Your response is a verbatim copy of the listing, stripped of its images.

### Record extracts ###

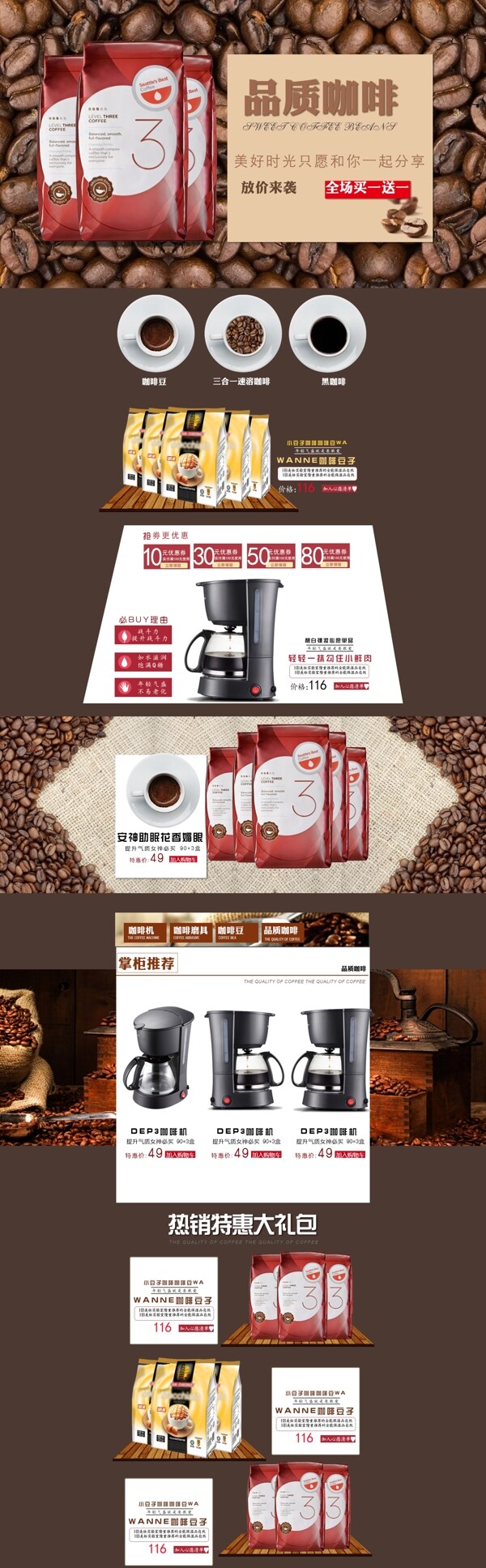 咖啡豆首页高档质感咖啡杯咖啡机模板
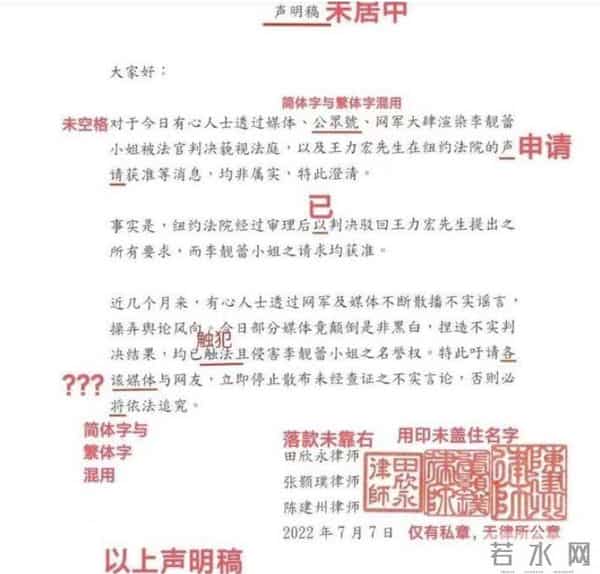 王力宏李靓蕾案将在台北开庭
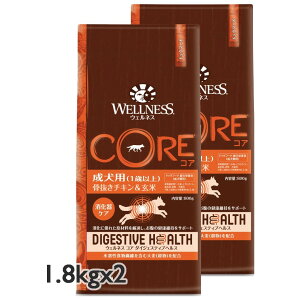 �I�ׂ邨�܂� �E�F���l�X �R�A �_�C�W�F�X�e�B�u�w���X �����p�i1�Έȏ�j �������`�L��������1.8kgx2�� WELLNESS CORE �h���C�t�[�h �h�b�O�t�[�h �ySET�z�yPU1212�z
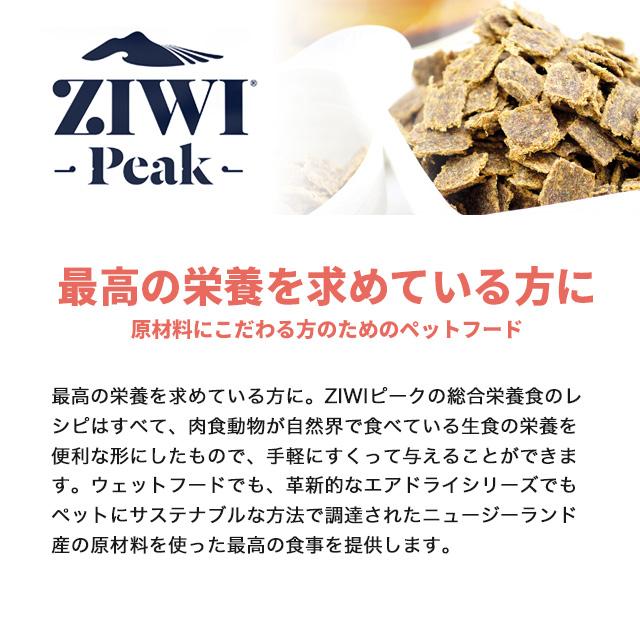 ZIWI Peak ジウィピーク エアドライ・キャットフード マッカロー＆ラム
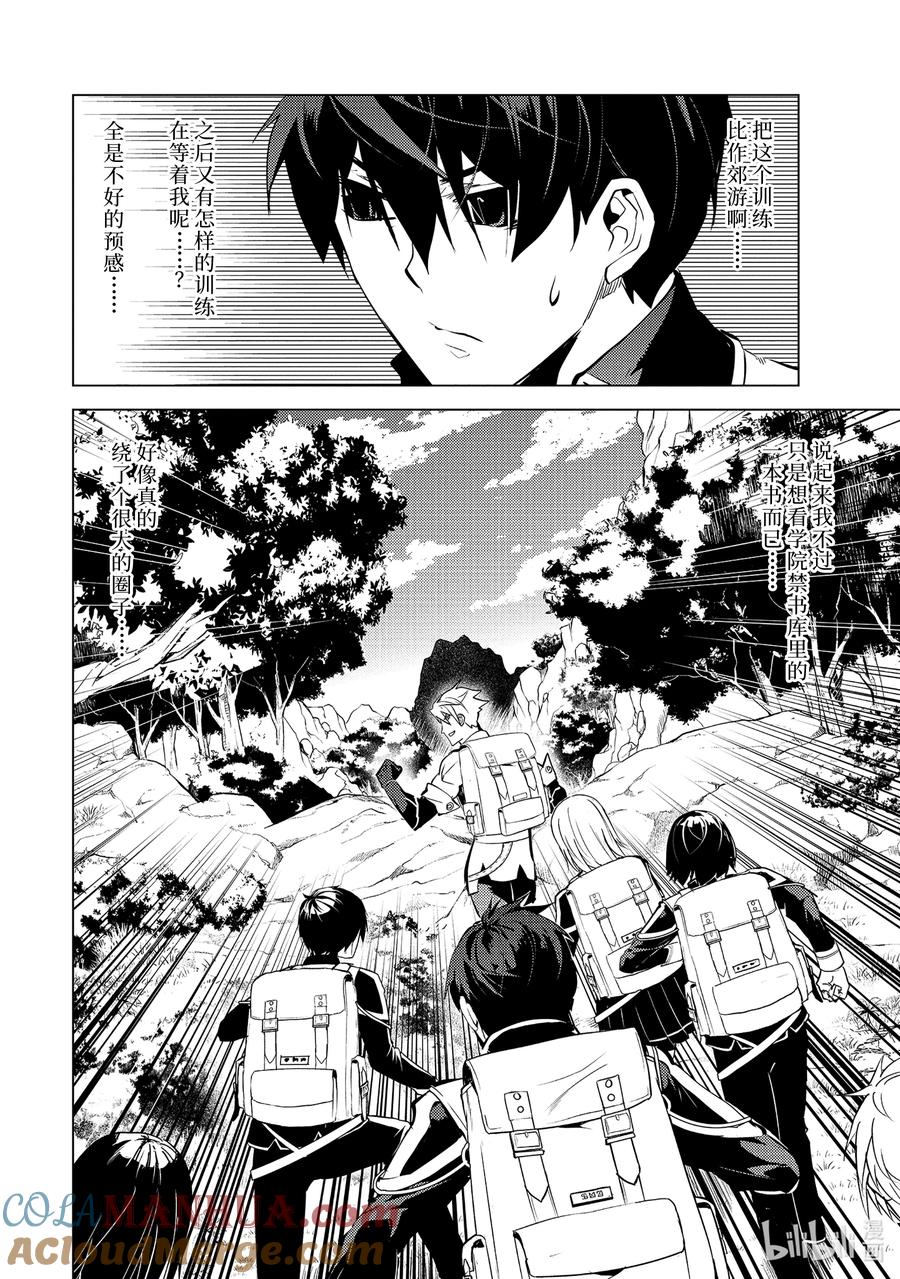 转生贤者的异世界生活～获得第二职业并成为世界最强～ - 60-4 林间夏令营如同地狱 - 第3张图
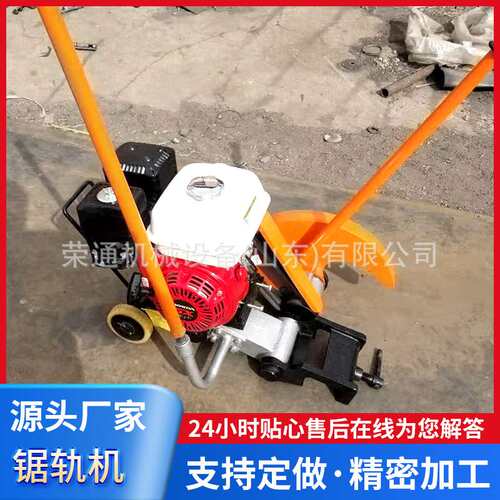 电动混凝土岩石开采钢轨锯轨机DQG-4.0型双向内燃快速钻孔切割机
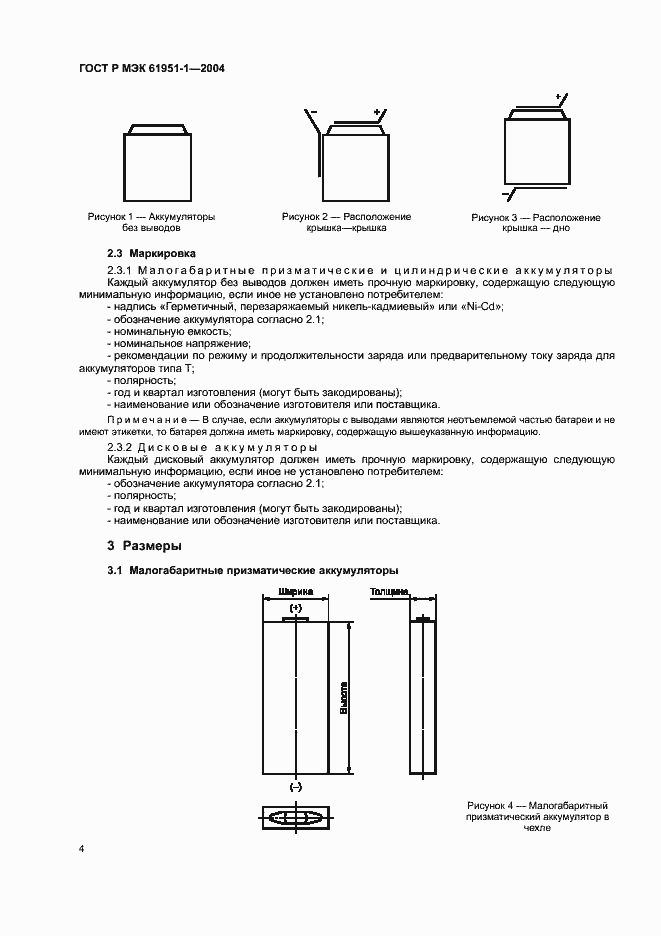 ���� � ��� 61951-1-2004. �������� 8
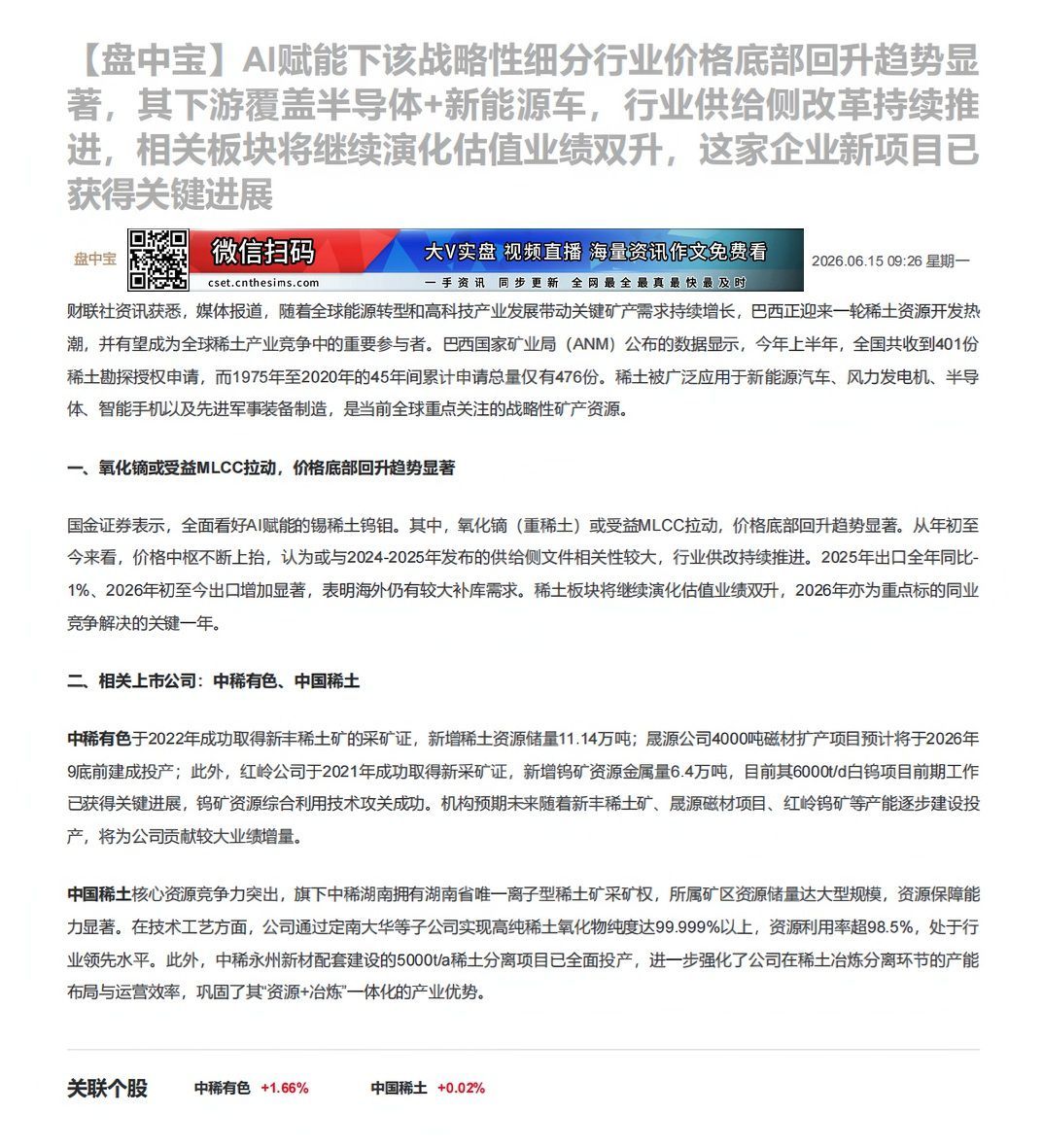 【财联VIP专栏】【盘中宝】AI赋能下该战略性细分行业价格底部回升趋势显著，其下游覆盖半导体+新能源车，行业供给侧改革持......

###

Worked solution:
 咖啡豆首页高档质感咖啡杯咖啡机模板
 王力宏李靓蕾案将在台北开庭
 �I�ׂ邨�܂� �E�F���l�X �R�A �_�C�W�F�X�e�B�u�w���X �����p�i1�Έȏ�j �������`�L��������1.8kgx2�� WELLNESS CORE �h���C�t�[�h �h�b�O�t�[�h �ySET�z�yPU1212�z
 ZIWI Peak ジウィピーク エアドライ・キャットフード マッカロー＆ラム
 转生贤者的异世界生活～获得第二职业并成为世界最强～ - 60-4 林间夏令营如同地狱 - 第3张图
 电动混凝土岩石开采钢轨锯轨机DQG-4.0型双向内燃快速钻孔切割机
 ���� � ��� 61951-1-2004. �������� 8
 【财联VIP专栏】【盘中宝】AI赋能下该战略性细分行业价格底部回升趋势显著，其下游覆盖半导体+新能源车，行业供给侧改革持......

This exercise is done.